The juveniles were nose t0 nose with mama. She seemed to want to get away and have a meal. I realized that her behavior was actually teaching the juveniles how to hunt. What a formidable force the three of them were in the water! What will happen to the coho that are on the brink of extinction?
When they crossed under Bridge Number Two, and I stood to watch the cloud of silt they stirred up in their passing, I saw salmon of various sizes come out in their wake. The fingerlings feasted on the margins of a silt cloud that was fast collapsing. They rounded up the benthic macro invertebrates that tend to be on the bottom. As we know, the majestic salmon are not bottom feeders. Isn't that the way with nature? With one exception, predators don't get all the prey. In all of nature, we humans are that one exception.

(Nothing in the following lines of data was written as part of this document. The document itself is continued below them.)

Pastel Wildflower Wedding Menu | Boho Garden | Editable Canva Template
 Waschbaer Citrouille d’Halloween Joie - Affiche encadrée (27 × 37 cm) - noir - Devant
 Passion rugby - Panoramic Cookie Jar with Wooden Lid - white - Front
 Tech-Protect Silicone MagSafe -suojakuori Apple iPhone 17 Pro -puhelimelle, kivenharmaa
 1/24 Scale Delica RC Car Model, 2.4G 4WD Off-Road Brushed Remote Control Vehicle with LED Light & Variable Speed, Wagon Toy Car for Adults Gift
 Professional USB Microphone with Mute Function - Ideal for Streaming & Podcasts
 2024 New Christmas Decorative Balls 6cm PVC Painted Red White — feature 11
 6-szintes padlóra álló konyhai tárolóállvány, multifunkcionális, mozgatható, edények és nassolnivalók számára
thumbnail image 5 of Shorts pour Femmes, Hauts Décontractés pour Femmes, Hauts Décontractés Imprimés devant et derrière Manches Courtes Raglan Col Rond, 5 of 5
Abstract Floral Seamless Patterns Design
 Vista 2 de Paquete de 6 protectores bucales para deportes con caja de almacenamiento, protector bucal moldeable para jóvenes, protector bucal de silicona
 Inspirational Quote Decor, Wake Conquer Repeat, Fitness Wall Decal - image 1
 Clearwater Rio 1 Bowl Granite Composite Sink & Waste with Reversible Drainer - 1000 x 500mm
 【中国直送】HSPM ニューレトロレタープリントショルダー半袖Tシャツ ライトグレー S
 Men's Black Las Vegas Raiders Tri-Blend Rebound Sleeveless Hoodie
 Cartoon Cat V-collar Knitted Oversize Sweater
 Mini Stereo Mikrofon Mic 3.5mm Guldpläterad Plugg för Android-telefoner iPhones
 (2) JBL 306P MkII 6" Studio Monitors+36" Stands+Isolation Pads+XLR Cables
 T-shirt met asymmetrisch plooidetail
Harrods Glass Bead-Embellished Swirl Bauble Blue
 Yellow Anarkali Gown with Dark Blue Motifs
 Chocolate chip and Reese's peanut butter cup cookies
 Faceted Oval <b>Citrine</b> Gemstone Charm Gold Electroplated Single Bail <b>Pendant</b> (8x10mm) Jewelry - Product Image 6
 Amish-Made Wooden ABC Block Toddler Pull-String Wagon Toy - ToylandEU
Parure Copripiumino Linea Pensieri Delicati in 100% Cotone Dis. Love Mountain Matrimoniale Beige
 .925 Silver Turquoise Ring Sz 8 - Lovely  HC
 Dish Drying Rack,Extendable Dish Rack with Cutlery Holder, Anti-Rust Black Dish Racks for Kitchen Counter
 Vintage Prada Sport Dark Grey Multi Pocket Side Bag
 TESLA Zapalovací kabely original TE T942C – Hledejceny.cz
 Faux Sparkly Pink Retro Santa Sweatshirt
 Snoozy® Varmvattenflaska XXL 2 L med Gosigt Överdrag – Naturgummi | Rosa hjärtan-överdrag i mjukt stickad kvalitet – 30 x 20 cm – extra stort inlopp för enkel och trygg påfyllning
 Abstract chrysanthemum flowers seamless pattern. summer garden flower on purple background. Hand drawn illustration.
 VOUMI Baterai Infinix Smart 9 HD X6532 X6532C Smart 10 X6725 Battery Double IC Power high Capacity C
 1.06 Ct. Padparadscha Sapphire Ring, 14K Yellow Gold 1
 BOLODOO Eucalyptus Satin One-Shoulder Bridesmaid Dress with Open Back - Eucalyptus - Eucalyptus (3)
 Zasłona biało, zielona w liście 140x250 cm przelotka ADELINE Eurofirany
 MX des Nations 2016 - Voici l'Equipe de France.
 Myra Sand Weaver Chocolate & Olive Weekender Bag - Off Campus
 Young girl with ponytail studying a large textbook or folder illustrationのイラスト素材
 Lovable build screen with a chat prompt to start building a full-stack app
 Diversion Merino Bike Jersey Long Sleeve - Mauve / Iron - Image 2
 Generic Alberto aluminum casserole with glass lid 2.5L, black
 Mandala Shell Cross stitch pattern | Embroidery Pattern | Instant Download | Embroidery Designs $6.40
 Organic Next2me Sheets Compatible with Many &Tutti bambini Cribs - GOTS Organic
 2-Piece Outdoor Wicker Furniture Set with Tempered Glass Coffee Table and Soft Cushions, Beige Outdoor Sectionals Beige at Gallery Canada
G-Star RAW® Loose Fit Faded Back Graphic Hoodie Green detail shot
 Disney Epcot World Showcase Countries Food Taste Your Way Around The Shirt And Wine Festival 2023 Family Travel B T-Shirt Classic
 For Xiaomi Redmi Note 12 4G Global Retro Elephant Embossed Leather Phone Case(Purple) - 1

Join us on Muir Beach, where Redwood Creek meets the ocean, for the traditional salmon blessing by the Coast Miwoks, and share stories and poetry of the glorious things of nature. Welcome Back Salmon, Nov. 11, 1-3PM. and/or join the Redwood Creek Restoration at Muir Beach stewardship team for weeding and planting on the floodplain, Nov. 11, 9:30-Noon. Email, firstname.lastname@example.org.
From ROEP: Thank you, Lou, for your beautiful illustration of the river otters' place in the long, flowing life of the river! We will be there with you to welcome back the Salmon in November and to share in the joyous homecoming of the gorgeous and priceless Salmon people who return from the sea bringing life and sustenance to the land.